Although Jesus was God, he experienced heartbreak, sadness, and grief. He wept on earth and he sweat droplets of blood in agony. He felt the things we feel when our loved ones are suffering. He withdrew to this forlorn place when he heard his friend and family member was gruesomely and brutally murdered and he must have mourned.
When I’m heartbroken, when I’m sad or even just struggling, I tend to have blinders on to others and I see only my own pain. But when Jesus sees the crowd he isn’t annoyed or angry at having this private time infringed upon, but he is instead moved with compassion. He begins to serve them, to heal them, and to feed them.
But he doesn’t do it alone. Jesus’ disciples are with him. After the day is spent, the disciples ask Jesus to send the people away to get food for themselves. However, Jesus says that the disciples actually already have the food for the people and he tells them to bring it to him.
Jesus took the little that the disciples had, broke it and gave it back to the disciples to feed the tired and hungry multitudes. Jesus miraculously multiplied the five loaves and the two fish to feed five thousand people, with baskets overflowing.
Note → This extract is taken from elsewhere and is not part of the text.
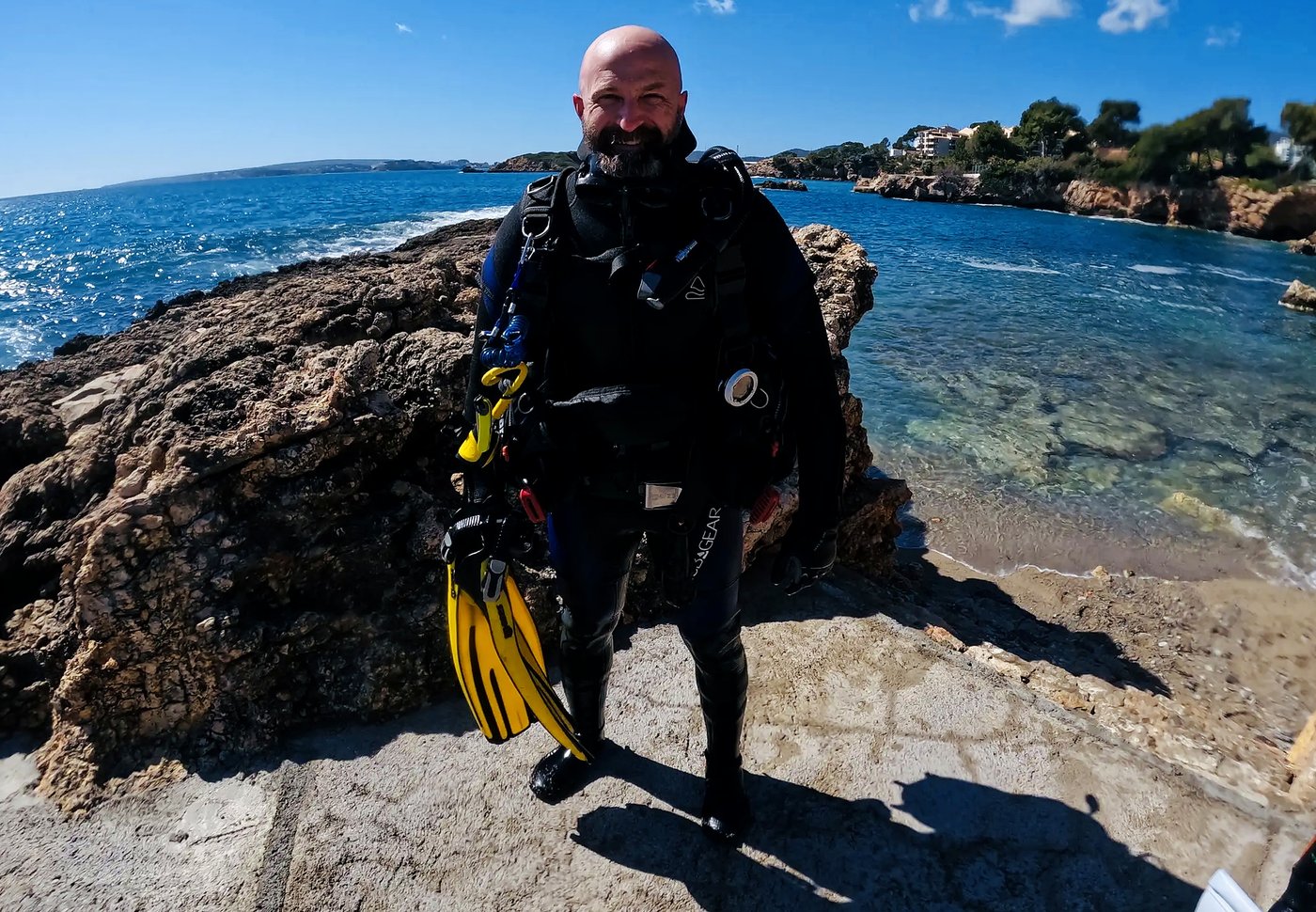 Russ in scuba gear on a rocky Mediterranean shore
I think it’s so much like us that when we are in lack, whether it’s our time, our resources, physically or mentally, we begin to operate with a scarcity mindset. We stop giving and instead we hold on for dear life to the little that remains. Our narrative becomes we have nothing to give, send the people away.
Well, Jesus says differently. Jesus says, although you’re in this place where you feel you have nothing of worth to offer, with Me, you have baskets overflowing. You see when you give, I multiply.
The holidays, which are meant to be merry, can also be downright desolate. They bring to mind those whom we may no longer be able to share them with. Their stringed lights shine bright on all of the year’s disappointments, and the promises of togetherness are in stark contrast to the loneliness that is felt among so many.
Jesus is in the crowds though and He sees us and His heart is full of compassion. Today and this Christmas, if we find ourselves in this place, instead of sending the people away may we instead humbly invite each other in.
And whether it’s a sad heart or a depleted bank account, may we decide to live out of a spirit of abundance, knowing that whatever we have to give, offered up to God, it will be broken and it will be multiplied and it will bless. After all, it is out of broken that we have many pieces to give.